Analisis adalah tingkat keempat. Pertanyaan yang melibatkan analisis membagi literatur menjadi beberapa bagian. Level ini meminta pembaca untuk mempelajari masing-masing bagian. Pertanyaan yang berpusat pada kalimat atau struktur paragraf, pola pengembangan ide, pilihan kata, dan bahasa kiasan, semua meminta analisis. Ini seperti meminta siswa untuk membedakan karakter antar tokoh cerita, diagram alur, atau membandingkan dua tema.  
Tingkatan kelima adalah evaluasi. Pertanyaan yang mengevaluasi meminta pembaca untuk membuat penilaian tentang hasil pekerjaan, untuk membentuk opini berdasarkan standar pemahaman dengan mempelajari tingkatan lainnya. Seorang siswa hanya bisa menjawab pertanyaan-pertanyaan jika ia bisa menjawab pertanyaan di semua tingkatan lainnya. Dari deskripsi fisik (pengetahuan), ciri-ciri kepribadian (pemahaman), perbandingan tokoh cerita dengan orang di dunia nyata (aplikasi), bagaimana tokoh tersebut berhubungan dengan tokoh lain dalam buku (analisis).  
Tingkatan tertinggi adalah create. Level ini menempatkan beberapa elemen bersama untuk membentuk sebuah produk baru, saling berhubungan secara menyeluruh atau membuat produk original. Tingkatan ini meliputi kemampuan menghasilkan, merencanakan, memproduksi hal baru. Contohnya, pertanyaan siswa yang meminta siswa menambahkan cerita baru pada bacaan yang sudah atau siswa membuat cerita yang benar-benar baru berbeda dari bacaan yang sudah ada.  
Pertanyaan-pertanyaan yang mewakili tingkatan Taksonomi Bloom dalam panduan membaca hampir tidak mudah dikenali. Pertanyaan juga tidak sepenuhnya menggabungkan Taksonomi Bloom. Pertanyaan tidak meliputi keseluruhan pengetahuan yang harus diketahui siswa. Namun, panduan pertanyaan dari level rendah sampai tinggi membantu siswa melihat bacaan secara keseluruhan. Pendekatan yang terorganisir membuat kemampuan berpikir menjadi lebih baik, mudah memahami bacaan, dan meningkatkan kemampuan membaca serta kecakapan kognitif siswa.   

2. Keterampilan abad 21  
Hidup di abad 21  membutuhkan kemampuan  menyelesaikan ma mengolah informasi, menggunakan berbagai macam media, dan memahami perbedaan budaya. Frase “abad 21” mengarahkan pada susunan kompleks kebutuhan manusia agar bisa hidup, belajar, dan bekerja di era digital. Saavedra dan Opfer (2012) menyatakan, kemampuan abad ke-21 yang relevan dengan aspek kehidupan kontemporer di dunia yang kompleks, kebanyakan menuntut keterampilan berpikir tingkat tinggi, hasil belajar lebih mendalam, berpikir  kompleks dan kemampuan komunikasi yang baik. Posner (2002) menambahkan bahwa manusia yang hidup pada abad 21 perlu dilatih berpikiran dan memiliki motivasi kreativitas yang tinggi. “Pikiran yang terlatih" tidak hanya meliputi kemampuan berpikir, mengumpulkan data, merumuskan model, menguji hipotesis, menyimpulkan, dan sebagainya. Yang paling penting, keinginan dan kebiasaan berpikir. 

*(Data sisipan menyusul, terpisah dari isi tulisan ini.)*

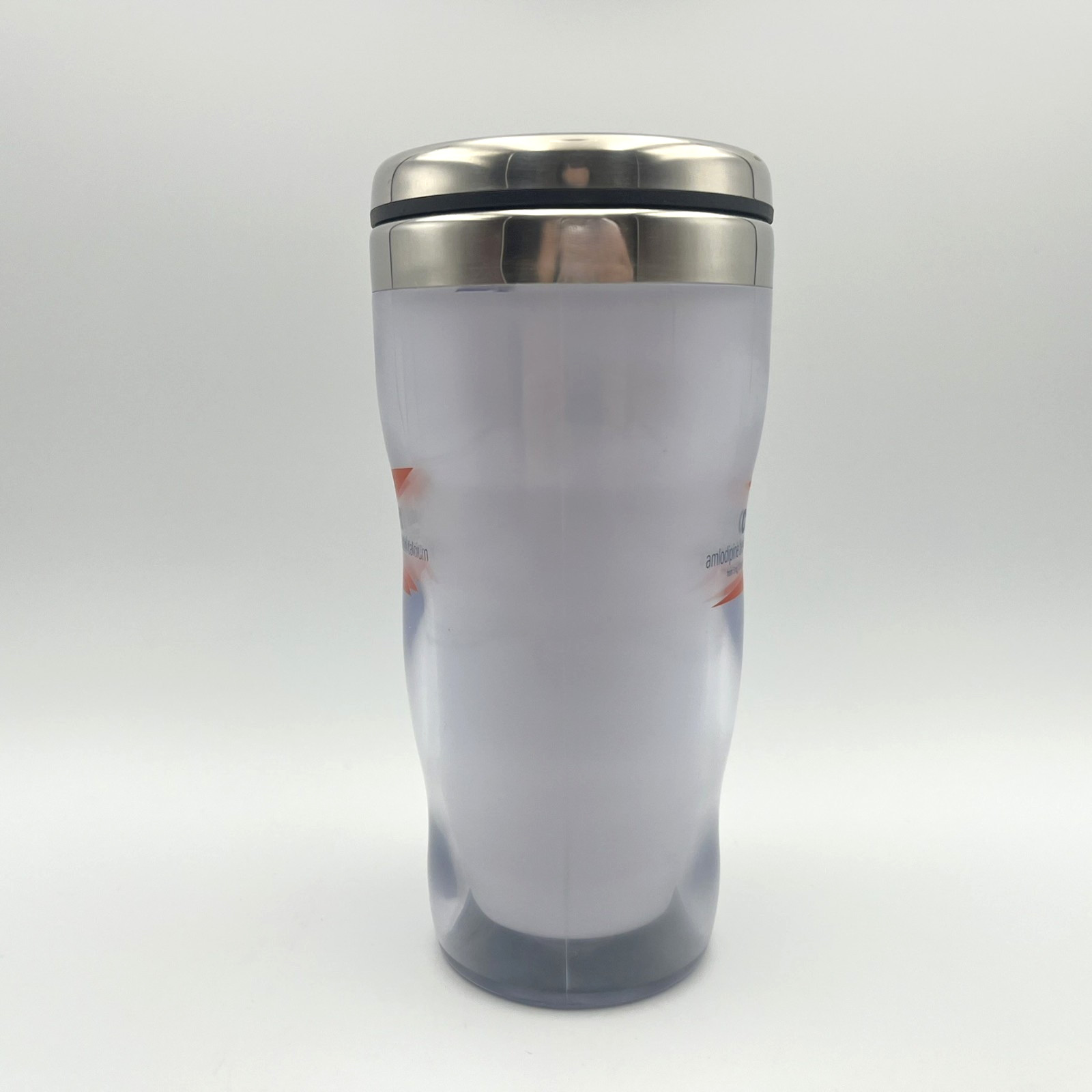Caduet Curvy Double Wall Tumbler Travel Coffee Mug Cup Pharma Ad Marketing Promo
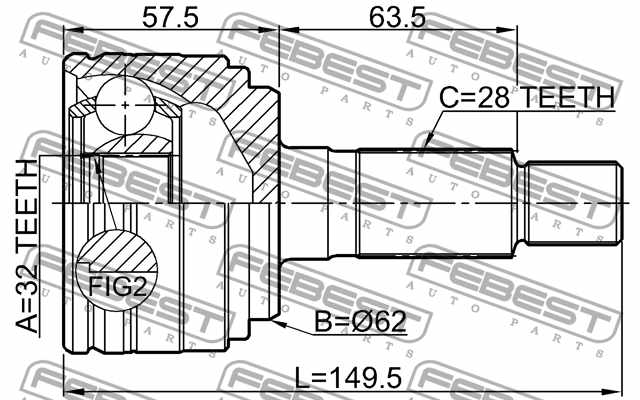 Шарнир приводного вала FEBEST 0510-GHMT - изображение 3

Anak-anak perlu diajarkan tentang substansi berpikir tingkat tinggi agar menjadi manusia yang produktif.  Ada beberapa cara yang bisa dilakukan guru dalam kegiatan belajar mengajar agar siswa memiliki ketrampilan abad 21 yang dibutuhkan (Saavedra dan Opfer, 2012 yaitu.  
a. Mengaitkan pelajaran dengan kehidupan sehari-hari siswa. Contohnya saat siswa sedang belajar tentang pantun. Siswa diberi contoh cara membuat pantun nasehat tentang ajakan mengaji, membantu orang tua, rajin membaca, dan lain-lain.  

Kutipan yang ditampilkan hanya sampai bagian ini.